Subject: pthread stack problem
To: None <tech-userlevel@netbsd.org>
From: Chuck Silvers <chuq@chuq.com>
List: tech-userlevel
Date: 08/05/2004 08:05:36
--sm4nu43k4a2Rpi4c
Content-Type: text/plain; charset=us-ascii
Content-Disposition: inline

hi,

I'm looking for input on how to fix a problem in -current and 2.0
having to do with libpthread's use of the initial "main process" stack.

In pthread__initmain(), we compute the base and size that we'll use for
the initial pthread stack and pass those values to pthread__stackid_setup(),
where we use them to set t->pt_uc to an initial "safe" value.  The problem
is that the safe value isn't so safe for the initial process stack.
There are two issues:

 (1) on some platforms such as i386, the computed "base + size" includes
     the page-table-mapping, which isn't even part of the user address space.
     since the "safe" value is within this region, it's not a valid pointer.

 (2) even on platforms without the first problem, if the argv and environment
     strings and pointers use enough space, t->pt_uc will point into the
     middle of them, which will result in corruption of the environment.
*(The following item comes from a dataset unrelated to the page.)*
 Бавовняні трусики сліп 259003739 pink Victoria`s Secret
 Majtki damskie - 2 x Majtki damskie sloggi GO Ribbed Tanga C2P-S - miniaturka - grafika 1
I already made one change to try to address this, by using the current stack
pointer to bound the stack region that libpthread will use, but that has
a problem of its own.  Since pthread__initmain() is several frames down
the stack, the stack pointer can be past where it will be later when we
call main(), and so the stack pointer will appear to be out of bounds.
This causes a problem for the native JDK port (available in pkgsrc-wip),
since it has checks to make sure that the stack pointer is within bounds:

#0  0x484bbf0b in kill () from /usr/lib/libc.so.12
#1  0x48530933 in abort () from /usr/lib/libc.so.12
#2  0x4836981a in os::abort(int) ()
   from /home/chs/netbsd/pkgsrc/wip/jdk14/work/control/build/bsd-i586/lib/i386/client/libjvm.so
#3  0x48234b61 in report_error(int, char const*, int, char const*, char const*, ...) ()
   from /home/chs/netbsd/pkgsrc/wip/jdk14/work/control/build/bsd-i586/lib/i386/client/libjvm.so
#4  0x48234638 in report_fatal(char const*, int, char const*, ...) ()
   from /home/chs/netbsd/pkgsrc/wip/jdk14/work/control/build/bsd-i586/lib/i386/client/libjvm.so
#5  0x483b6655 in ThreadLocalStorage::get_thread_via_cache_slowly(unsigned, int) ()
   from /home/chs/netbsd/pkgsrc/wip/jdk14/work/control/build/bsd-i586/lib/i386/client/libjvm.so
#6  0x48278bb4 in JNI_CreateJavaVM ()
   from /home/chs/netbsd/pkgsrc/wip/jdk14/work/control/build/bsd-i586/lib/i386/client/libjvm.so
#7  0x0804a583 in InitializeJVM ()
#8  0x080492d6 in main ()


Thread* ThreadLocalStorage::get_thread_via_cache_slowly(uintptr_t raw_id,
                                                        int index) {
  Thread *thread = get_thread_slow();
  if (thread != NULL) {
    address sp = pd_sp_address();
    guarantee(thread->_stack_base == NULL ||
              (sp <= thread->_stack_base && 
                 sp >= thread->_stack_base - thread->_stack_size) || 
               is_error_reported(),
              "sp must be inside of selected thread stack");

    thread->_self_raw_id = raw_id;  // mark for quick retrieval
    _get_thread_cache[ index ] = thread;
  }
  return thread;
}


JDK only detected this problem because I rounded the stack pointer down
to a page boundary, which isn't necessary.  If I change the code to
not round down (as in the attached patch), then JDK is happy again.
However, the attached program shows demonstrates that the problem is
still detectable.  for me it prints:

29 spathi:~> cc -o checkstack checkstack.c -lpthread
30 spathi:~> ./checkstack 
addr 0xbe002000 size 0x1bfd82c end 0xbfbff82c sp 0xbfbff8a4
checkstack: sp NOT within stack bounds!
31 spathi:~> 


I've thought of a couple possible ways to fix this:

 (1) Change the caller of main() to record its current stack pointer in a
     global variable and let pthread__initmain() use that to initialize
     the stack bounds for the initial thread.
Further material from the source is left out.